[Image-caption web data]
-- Opening Marker --
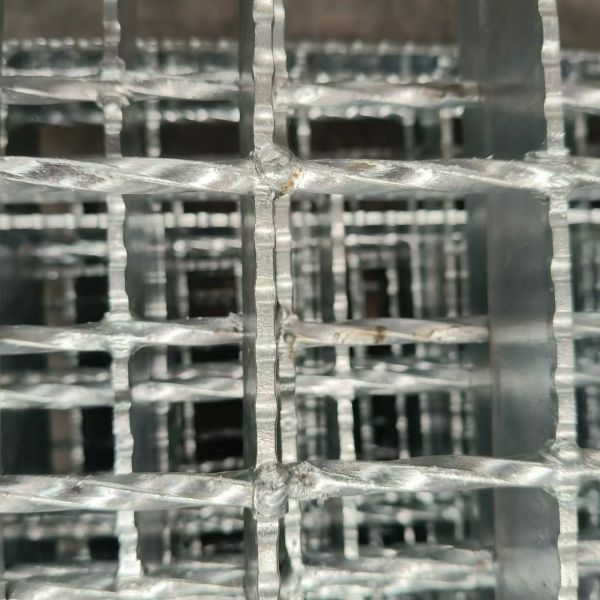 Buy OEM Available Industrial Steel Grating with Commoned 32*5 Size and YB/T4001-2007 Standard at wholesale prices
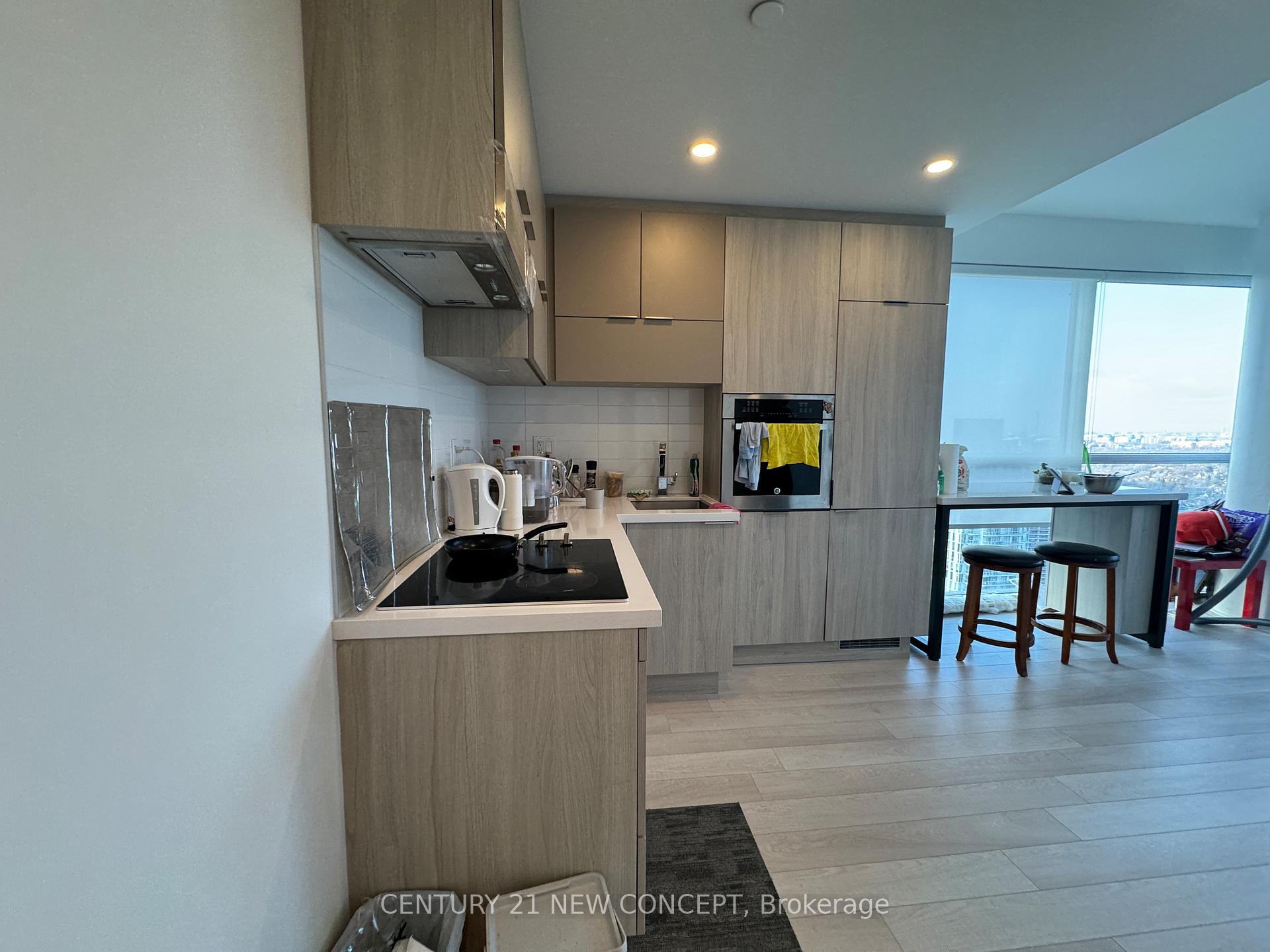 Photo 3 of Unit 3408, 39 Roehampton Avenue, Toronto, Mount Pleasant West — HOMEH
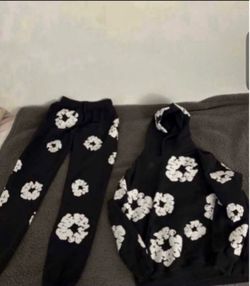 Denim tear fit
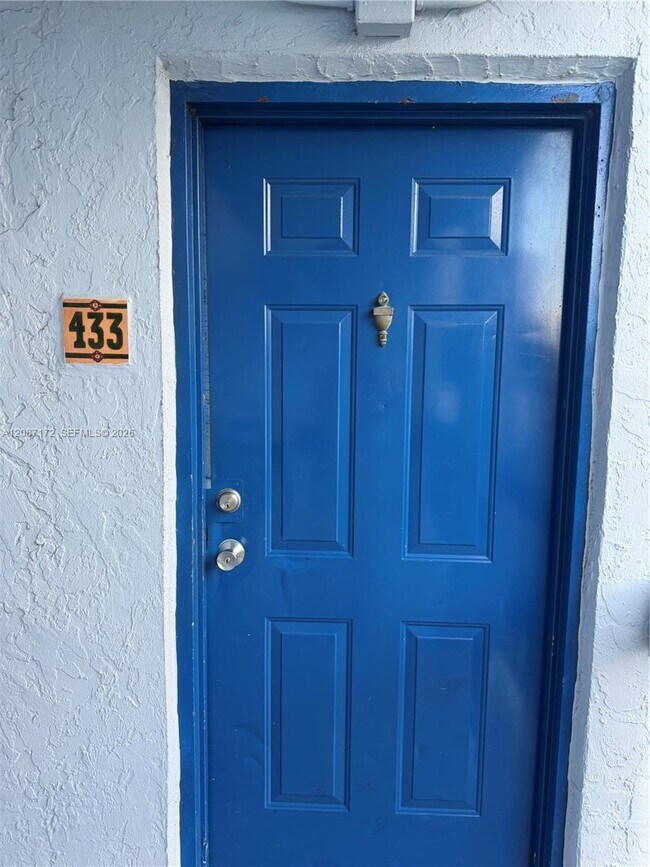 Building Photo - 9460 Fontainebleau Blvd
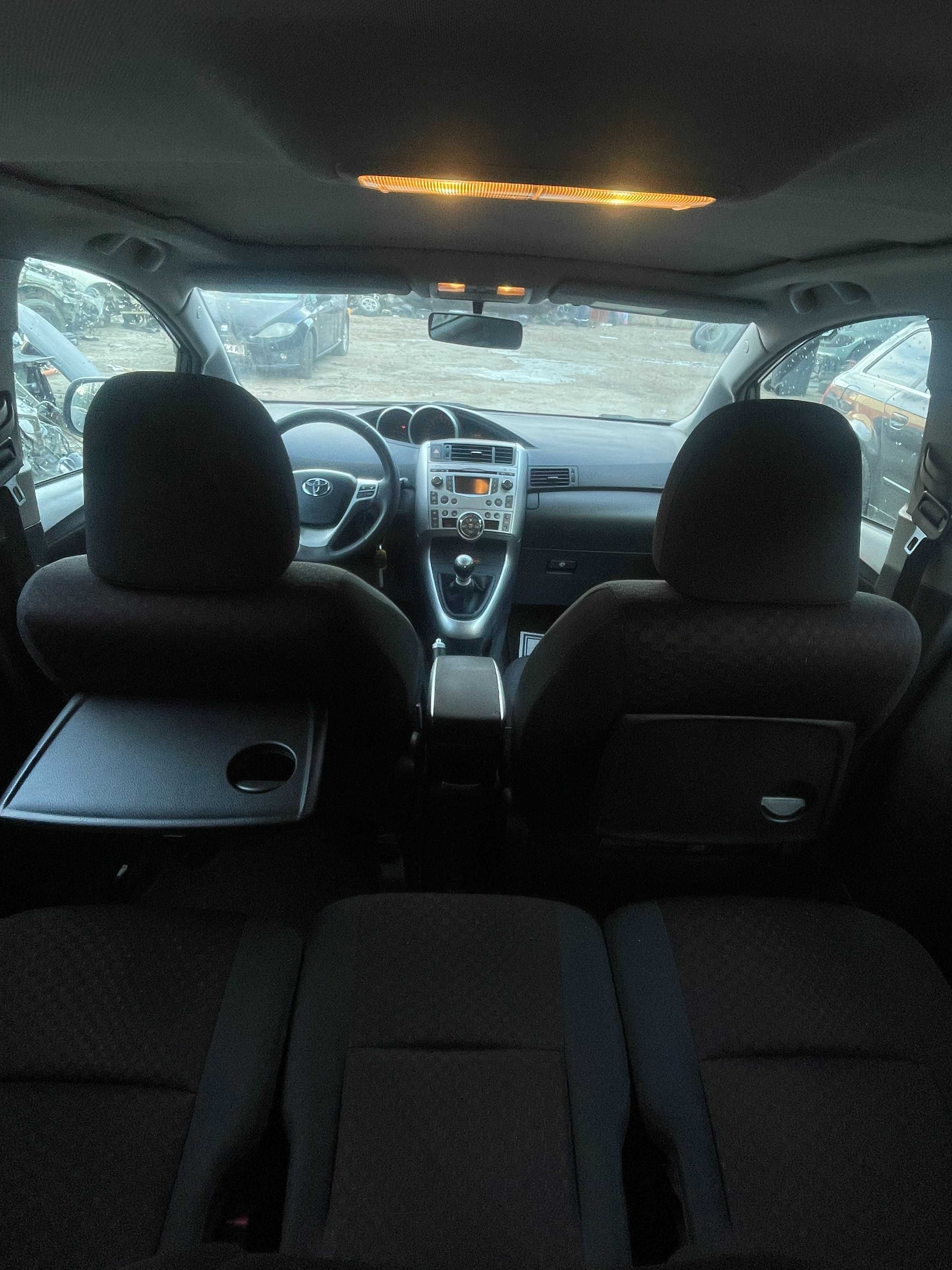 Toyota Verso 2.0 D-4D na chasti Тойота Версо на части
-- Closing Marker --
| PROBLEM STATEMENT |
Give all the lines above again, character for character, without pictures.

| SOLUTION TO THIS PROBLEM |
 Buy OEM Available Industrial Steel Grating with Commoned 32*5 Size and YB/T4001-2007 Standard at wholesale prices
 Photo 3 of Unit 3408, 39 Roehampton Avenue, Toronto, Mount Pleasant West — HOMEH
 Denim tear fit
 Building Photo - 9460 Fontainebleau Blvd
 Toyota Verso 2.0 D-4D na chasti Тойота Версо на части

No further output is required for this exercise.